Aquel día subió Jesús a la montaña, como antiguamente hiciera Moisés. Era un momento solemne de la Buena Noticia que traía de parte de Dios para todos los hombres. Iba a promulgar la nueva ley de su Evangelio. Iba a pronunciar las Bienaventuranzas del Reino de Dios. Entre ellas, proclamó: "Dichosos los que tienen hambre y sed de justicia, porque ellos quedarán saciados". Aquellas Bienaventuranzas no eran simples normas morales, sino promesas de felicidad. Por eso, aquella nueva ley del Señor no venía grabada en piedra dura y fría. Jesús quería grabarla, más bien, en los corazones ansiosos que no estaban conformes con la situación; esos corazones que, no contentos con la justicia de los hombres, buscaban la de Dios; esos corazones insatisfechos con las alegrías del momento que tenían hambre y sed de algo más.
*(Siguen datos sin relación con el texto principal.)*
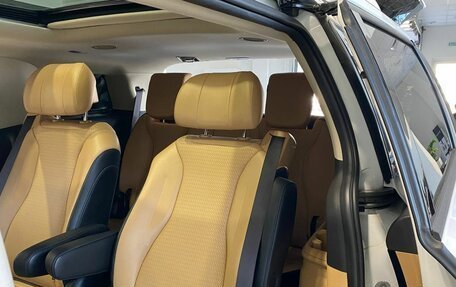KIA Carnival, 2021 год, 4 379 900 рублей, 22 фотография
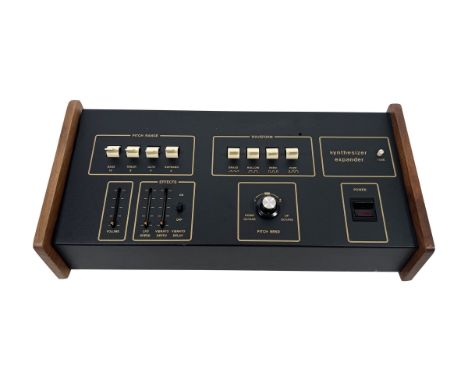 ARP Little Brother Model 2952. Expansion module for any ARP-System monophonic or polyphonic synthesizer. It has its own built
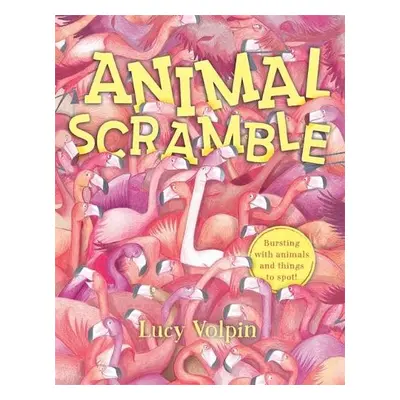 Animal Scramble - Volpin, Lucy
Sí, allí quería imprimirla esta vez el Señor: clavarla en lo más profundo del corazón, para que nunca olvidase dónde está el secreto del verdadero gozo para el que está hecho.

Un día lo demostró. Cansado del camino y el bochorno, se sentó junto al pozo de Jacob, mientras sus discípulos fueron a buscar comida. Una samaritana llegó. "Dame de beber" -le pidió Jesús-. La mujer se extrañó: "¿Cómo tú, siendo judío, me pides de beber?" Y Jesús le revela entonces: "Si conocieras el don de Dios, y quién es el que te pide de beber, le pedirías tú y Él te daría agua viva... porque el que bebe de este pozo vuelve a tener sed; pero el que beba del agua que yo le daré, nunca más tendrá sed: el agua que yo le daré se convertirá dentro de él en una fuente que salta hasta la vida eterna" Aquella samaritana, poco a poco, cambió de actitud hasta anunciar con alegría su encuentro. Se cumplía la bienaventuranza: aquella mujer llevaba ya cuatro maridos en su intento de ser feliz. Pero, cuando se topó en el pozo con la verdad de Dios, dejó su cántaro ya olvidado. Y con él todo lo que le cansaba en la vida; todo lo que, en realidad, nunca le había saciado. Y es que a ayudarnos a comprender nuestra sed y a calmarla con su alegría, ha venido Jesús. Sí, porque todos luchamos, bregamos y nos agobiamos por alcanzar tantas cosas... ¡por realizar tantos sueños que nunca se logran del todo! El hombre siempre se esfuerza por ser feliz, pero nunca está contento del todo: siempre quiere más, siempre tiene sed... ¡Y Jesús ha venido para calmarla! Sí, para calmar esa sed del corazón, que nada de este mundo puede apagar, sólo Jesús tiene el agua. Sólo Él, porque está lleno del Espíritu de Dios, para el que en realidad está hecho el corazón de los hombres. Y será Él mismo quien lo podrá derramar a raudales, ya resucitado.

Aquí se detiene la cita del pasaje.